He received a strict orthodox Jewish upbringing, as did all his brothers and sisters, and he remained an orthodox all his life. Max spent his apprenticeship and journeyman years in Hamburg and Hannover. His two years active military service in Ulm on the Danube, and was discharged with the rank of lance-corporal in the reserves.
M. Max Fechenbach married Sophie Flegenheimer on 12th February 1895. She had been born in Swabian Hall on 8 th November 1871. He then took over from his father, Lazarus Fechenbach, the butcher's shop and the restaurant/hotel, which were run under strict kashrut regulations. How much extra care were involved In this could only be imagined by someone who has himself experienced the daily routine of carrying on such a business. In addition to this, my parents could never bring themselves to leave important work to the staff. Thus they had to be busy from early morning until late at night.
It was an advantage for the butcher shop that at that time there was an up-to-date slaughterhouse available in Mergentheim, equipped with cold storage facilities. My father had to undertake the purchasing of cattle from the surrounding farms himself.
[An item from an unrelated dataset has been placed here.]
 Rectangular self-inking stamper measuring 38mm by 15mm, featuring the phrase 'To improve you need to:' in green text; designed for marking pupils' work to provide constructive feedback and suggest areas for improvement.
From the cattle dealers who came to our business he would usually find out which farmers selling suitable livestock for slaughter. Grandfather Lazarus also still travelled about the countryside, buying hens and eggs for the business, and so was able to find out where the best cattle were to be found. The farmers found in cattle dealing a refreshing change from the hard agricultural labour of that time, and it was the general custom to deal with Jewish buyers. The animal was rarely weighed; the butcher himself estimated the weight. Furthermore, my father had to make sure that the cow or calf was absolutely healthy. The entire transaction would be concluded when an agreement was reached and confirmed by a handshake. Father often had to bring the animal he had purchased home over a distance of several miles, assisted by an apprentice, and I too had many opportunities to help him out with this.
My mother's cooking abilities were highly prized at the restaurant, so she always had requests from young girls to learn cooking from her. A kitchen helper and a serving maid were also continually available. Everything had to be attended to for the regular daily customers, for travellers, and In the manner for guests who had come for the baths. Although generally these were people who required kosher meals, Christian guests came as well who knew how to appreciate my mother's culinary arts.
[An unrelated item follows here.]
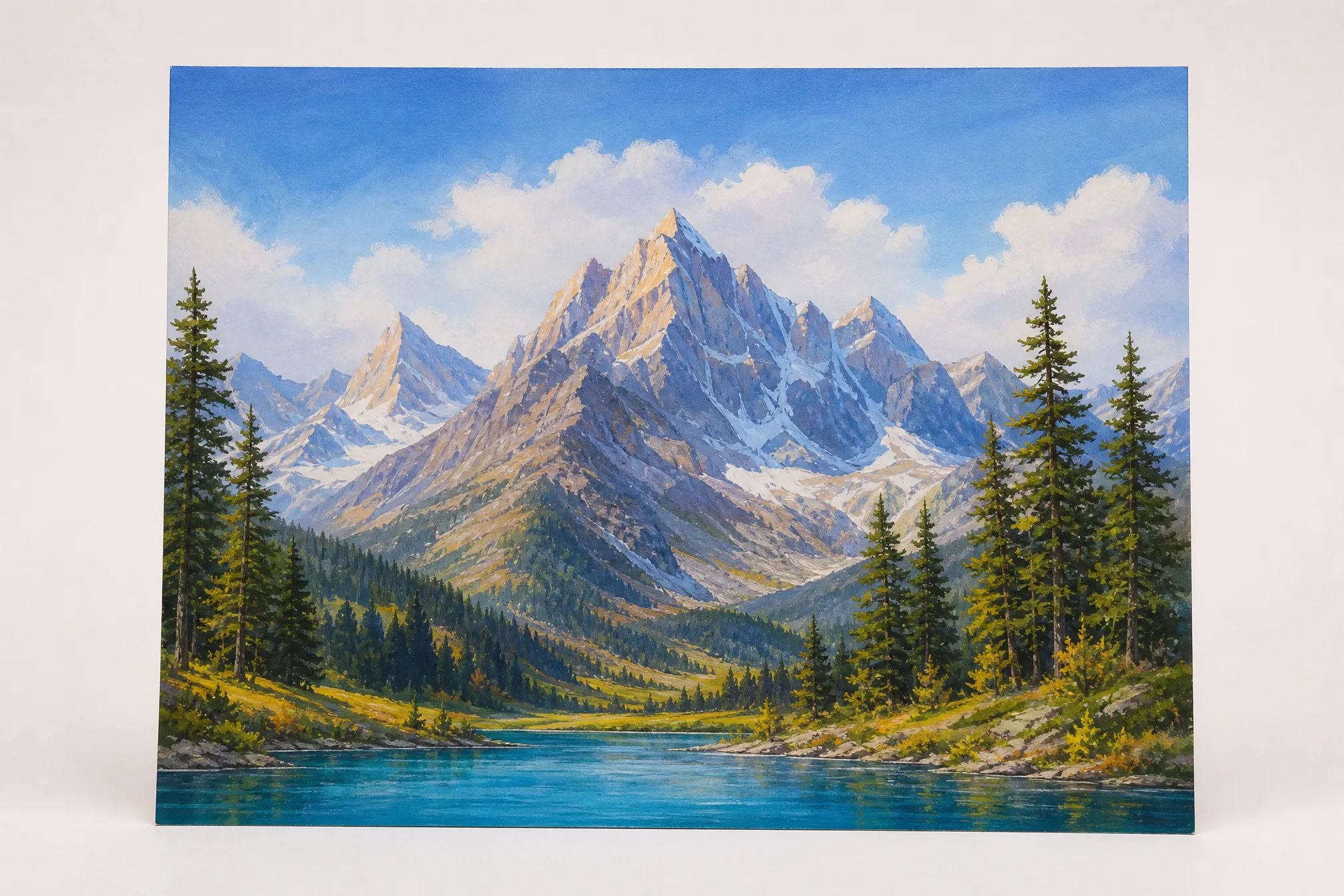 A colorful illustration of a mountain landscape, the kind of idea you can describe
The classification of kitchen work was especially supervised, since meat and dairy utensils had to be strictly separated, to the extent that both types could not be washed together. The large restaurant stove contained a baking oven and a water tank and early every morning it was heated with wood and coke. All meat and poultry, even though slaughtered according to regulations, had to be washed and salted for an hour before preparation, so that there was no trace of blood remaining. Likewise the different kinds of liver had to be roasted over the grill before further preparation.
On 23rd November 1895, a son was born and received the fine name of Siegfried. Even though the orthodox Jewish point of view made a closer relationship with the Christian surroundings difficult, they nevertheless made efforts to resemble them along the lines permitted. The name Siegfried from German heroic epics was used so much among the Jews that it was hardly to be heard anymore in Christian circles. The circumcision took place eight days after the birth, and after another three weeks my mother was again able to attend Sabbath services at the synagogue. At the same time an invitation posted in the synagogue courtyard for the "Holegrasch" which took place at 2.00 pm in the Fechenbach restaurant. All the children of the community between the ages of two and twelve had already assembled and were waiting for the teacher, Pappenheimer, who soon appeared and stood near the baby carriage where the newborn infant lay. Then he spoke the age-old blessing of the patriarchs Abraham, Isaac and Jacob, and the crowd of children gathered around repeated each word and shouted at the end, "Holegrasch, what shall this child be called?" The ten to twelve year olds held the baby carriage while the teacher called out the name Siegfried, and then they lifted it into the air three times as they all called out together, "Holegrasch, what shall this child be called, Siegfried, Siegfried, Siegfried". For all the children the best part was the distribution of paper bags, full of delicacies, a whole big wash-basket full, all prepared by my parents. Beaming with joy they all went away, the bigger children and the very small ones with their new-won riches.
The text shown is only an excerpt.